CAB- ‘divisive & discriminatory’
Condemning the Bill in a statement posted online by journalist and activist Mahtab Alam, the 47-year-old Mumbai-based Urdu journalist said:
“I am saddened and shocked with the news the BJP led govt had passed CAB, an attack on our Constitution and secularism and in protest against this inhuman law I am announcing that I would return State Sahitya Academy Award given to me on my Literary Contributions in the year 2011. The CAB (Citizens Amendment Bill) is divisive and discriminatory. I am returning this award to join the voices of my community and to people fighting for secularism and democracy. We all have to stand firm to protect our Constitution and Ganga Jamuna Tahzib,” her statement was posted by journalist and activist Mahtab Alam.
Life of Dalvi has been changed ever since her Mumbai edition of Lucknow-based Urdu newspaper Avadhnama reproduced the blasphemous image by the French satirical magazine Charlie Hebdo in 2015.
Can’t do much
67 year-old writer-translator Yaqoob Yawar also return his Uttar Pradesh State Urdu Akademi Award he received.
Professor Yawar, the former head of the Urdu department at Banaras Hindu University said he would also return the ‘Life Time Achievement Award for Translation‘ along with Rs 1 lakh-cash prize.
Professor Yawar said to have been scared watching the parliamentary debate and was saddened by the passing of the CAB.
“Since I am old and can’t do much in terms of physical protest, I have decided to return the award in protest,” he told The Wire.
A “civil disobedience” move
Earlier on Wednesday, senior IPS officer Abdur Rahman quit from his service, ostensibly in protest against the Citizens (Amendment) Bill.
In his statement posted online, the 1999 batch IPS officer said that as a “civil disobedience” move, he decided to quit the police service and has stopped official duties from Thursday.

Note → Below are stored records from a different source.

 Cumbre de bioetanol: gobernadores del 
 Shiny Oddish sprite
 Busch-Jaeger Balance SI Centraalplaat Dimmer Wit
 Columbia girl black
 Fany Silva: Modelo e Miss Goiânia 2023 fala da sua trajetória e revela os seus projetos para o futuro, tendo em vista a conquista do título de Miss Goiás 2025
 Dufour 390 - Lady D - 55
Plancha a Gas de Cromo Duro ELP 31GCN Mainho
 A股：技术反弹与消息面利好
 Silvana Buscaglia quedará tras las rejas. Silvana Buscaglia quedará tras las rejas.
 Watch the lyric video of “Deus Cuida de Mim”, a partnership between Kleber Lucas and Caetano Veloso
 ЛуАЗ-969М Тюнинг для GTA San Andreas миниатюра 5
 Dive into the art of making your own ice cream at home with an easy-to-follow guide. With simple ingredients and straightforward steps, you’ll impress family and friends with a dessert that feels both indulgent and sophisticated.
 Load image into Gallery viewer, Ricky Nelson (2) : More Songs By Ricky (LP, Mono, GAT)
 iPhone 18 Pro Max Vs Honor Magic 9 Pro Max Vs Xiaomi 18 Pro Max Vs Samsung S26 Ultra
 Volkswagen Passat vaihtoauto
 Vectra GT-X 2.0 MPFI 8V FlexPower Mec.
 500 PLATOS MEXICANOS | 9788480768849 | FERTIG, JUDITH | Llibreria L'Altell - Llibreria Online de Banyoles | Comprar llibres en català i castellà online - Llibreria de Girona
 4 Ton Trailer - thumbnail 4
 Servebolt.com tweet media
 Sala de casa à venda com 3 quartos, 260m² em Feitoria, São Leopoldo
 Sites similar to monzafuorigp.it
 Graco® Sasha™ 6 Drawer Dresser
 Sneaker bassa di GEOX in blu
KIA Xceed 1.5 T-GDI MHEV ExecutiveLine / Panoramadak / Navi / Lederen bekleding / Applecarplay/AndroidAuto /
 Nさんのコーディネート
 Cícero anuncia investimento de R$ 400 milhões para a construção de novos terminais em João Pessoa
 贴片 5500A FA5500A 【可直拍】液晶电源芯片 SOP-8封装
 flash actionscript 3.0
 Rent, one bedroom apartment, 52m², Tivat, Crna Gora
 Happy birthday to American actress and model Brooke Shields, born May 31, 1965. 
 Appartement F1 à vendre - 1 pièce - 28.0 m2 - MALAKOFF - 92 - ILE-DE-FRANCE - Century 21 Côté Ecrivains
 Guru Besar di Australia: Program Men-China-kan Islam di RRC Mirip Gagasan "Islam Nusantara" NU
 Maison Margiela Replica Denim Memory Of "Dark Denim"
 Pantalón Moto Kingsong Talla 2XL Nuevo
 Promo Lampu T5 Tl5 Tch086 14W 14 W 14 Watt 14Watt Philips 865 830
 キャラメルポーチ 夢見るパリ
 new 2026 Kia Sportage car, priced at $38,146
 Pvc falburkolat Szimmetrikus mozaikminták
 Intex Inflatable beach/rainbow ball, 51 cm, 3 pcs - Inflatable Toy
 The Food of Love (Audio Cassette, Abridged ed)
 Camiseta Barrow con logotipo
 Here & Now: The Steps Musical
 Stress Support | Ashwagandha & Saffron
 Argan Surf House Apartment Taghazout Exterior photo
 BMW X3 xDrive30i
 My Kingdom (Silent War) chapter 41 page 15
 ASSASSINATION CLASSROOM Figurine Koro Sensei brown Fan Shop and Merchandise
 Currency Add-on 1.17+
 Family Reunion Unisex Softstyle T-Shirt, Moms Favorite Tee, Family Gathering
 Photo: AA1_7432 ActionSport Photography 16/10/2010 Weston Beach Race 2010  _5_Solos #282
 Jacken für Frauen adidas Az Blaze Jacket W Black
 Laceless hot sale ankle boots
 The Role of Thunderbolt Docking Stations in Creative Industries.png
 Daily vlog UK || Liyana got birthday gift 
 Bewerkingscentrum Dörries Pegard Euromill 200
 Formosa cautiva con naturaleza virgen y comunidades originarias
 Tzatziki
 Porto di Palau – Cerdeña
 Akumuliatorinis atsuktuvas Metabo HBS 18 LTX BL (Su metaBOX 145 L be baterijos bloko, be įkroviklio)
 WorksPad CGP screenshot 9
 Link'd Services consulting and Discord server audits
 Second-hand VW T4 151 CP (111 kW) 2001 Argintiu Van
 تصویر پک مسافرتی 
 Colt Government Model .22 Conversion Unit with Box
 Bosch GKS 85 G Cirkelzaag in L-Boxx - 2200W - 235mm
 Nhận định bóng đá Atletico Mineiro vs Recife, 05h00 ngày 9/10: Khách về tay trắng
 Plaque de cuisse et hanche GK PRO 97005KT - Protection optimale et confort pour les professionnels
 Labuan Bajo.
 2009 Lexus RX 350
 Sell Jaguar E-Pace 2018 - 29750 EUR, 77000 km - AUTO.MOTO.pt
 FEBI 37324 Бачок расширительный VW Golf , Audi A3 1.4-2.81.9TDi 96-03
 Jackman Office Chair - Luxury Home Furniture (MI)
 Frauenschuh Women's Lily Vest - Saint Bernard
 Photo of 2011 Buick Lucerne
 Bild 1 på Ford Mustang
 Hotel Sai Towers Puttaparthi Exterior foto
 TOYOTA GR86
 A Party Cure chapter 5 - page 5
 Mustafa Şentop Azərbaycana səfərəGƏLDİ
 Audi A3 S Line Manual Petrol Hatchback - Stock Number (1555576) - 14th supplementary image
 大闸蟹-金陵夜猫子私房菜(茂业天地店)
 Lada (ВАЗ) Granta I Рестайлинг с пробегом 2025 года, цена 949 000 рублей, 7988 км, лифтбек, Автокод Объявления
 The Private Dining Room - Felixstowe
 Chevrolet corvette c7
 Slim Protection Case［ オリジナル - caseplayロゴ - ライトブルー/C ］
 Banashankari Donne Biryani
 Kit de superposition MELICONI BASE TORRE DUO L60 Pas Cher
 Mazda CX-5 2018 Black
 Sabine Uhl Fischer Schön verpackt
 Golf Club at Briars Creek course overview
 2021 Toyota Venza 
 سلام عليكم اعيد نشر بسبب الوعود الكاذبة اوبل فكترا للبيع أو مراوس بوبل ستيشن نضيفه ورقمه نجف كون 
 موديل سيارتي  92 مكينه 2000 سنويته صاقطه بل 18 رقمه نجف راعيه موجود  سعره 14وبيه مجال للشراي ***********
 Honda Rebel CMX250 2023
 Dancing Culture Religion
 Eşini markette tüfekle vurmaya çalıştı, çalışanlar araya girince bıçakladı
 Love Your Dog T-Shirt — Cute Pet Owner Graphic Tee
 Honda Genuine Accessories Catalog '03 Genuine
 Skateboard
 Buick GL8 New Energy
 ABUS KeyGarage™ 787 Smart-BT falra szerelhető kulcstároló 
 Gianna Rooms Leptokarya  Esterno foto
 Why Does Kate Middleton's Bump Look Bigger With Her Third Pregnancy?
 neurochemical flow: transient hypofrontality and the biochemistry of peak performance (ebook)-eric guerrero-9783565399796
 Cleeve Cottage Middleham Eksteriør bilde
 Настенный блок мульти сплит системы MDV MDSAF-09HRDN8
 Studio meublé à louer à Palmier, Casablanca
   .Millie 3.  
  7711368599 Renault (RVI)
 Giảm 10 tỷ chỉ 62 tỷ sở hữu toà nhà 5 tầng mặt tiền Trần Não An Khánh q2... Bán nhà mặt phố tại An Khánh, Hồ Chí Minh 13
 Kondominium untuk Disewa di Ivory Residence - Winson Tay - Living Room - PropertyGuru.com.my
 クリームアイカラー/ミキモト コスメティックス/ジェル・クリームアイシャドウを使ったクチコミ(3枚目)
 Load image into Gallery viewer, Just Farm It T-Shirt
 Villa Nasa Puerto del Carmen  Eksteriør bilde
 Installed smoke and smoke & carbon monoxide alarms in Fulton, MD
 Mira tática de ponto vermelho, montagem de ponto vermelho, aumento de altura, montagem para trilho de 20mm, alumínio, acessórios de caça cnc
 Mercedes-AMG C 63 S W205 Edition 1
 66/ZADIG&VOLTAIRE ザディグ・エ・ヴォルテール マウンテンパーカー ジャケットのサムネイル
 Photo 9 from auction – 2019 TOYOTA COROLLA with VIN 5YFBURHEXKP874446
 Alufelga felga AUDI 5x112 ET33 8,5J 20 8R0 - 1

The IG rank officer had appealed to all those belonging to the poor and deprived sections to oppose the Bill in a democratic manner as it would harm them the most, and also called upon the tolerant, secular and justice-loving Hindus to oppose the Bill, besides urging activists to challenge it in the court of law.
The Citizenship (Amendment) Bill passed in the Lok Sabha on the intervening night of 9-10 December saw 125 MPs voting in its favour and 99 against it.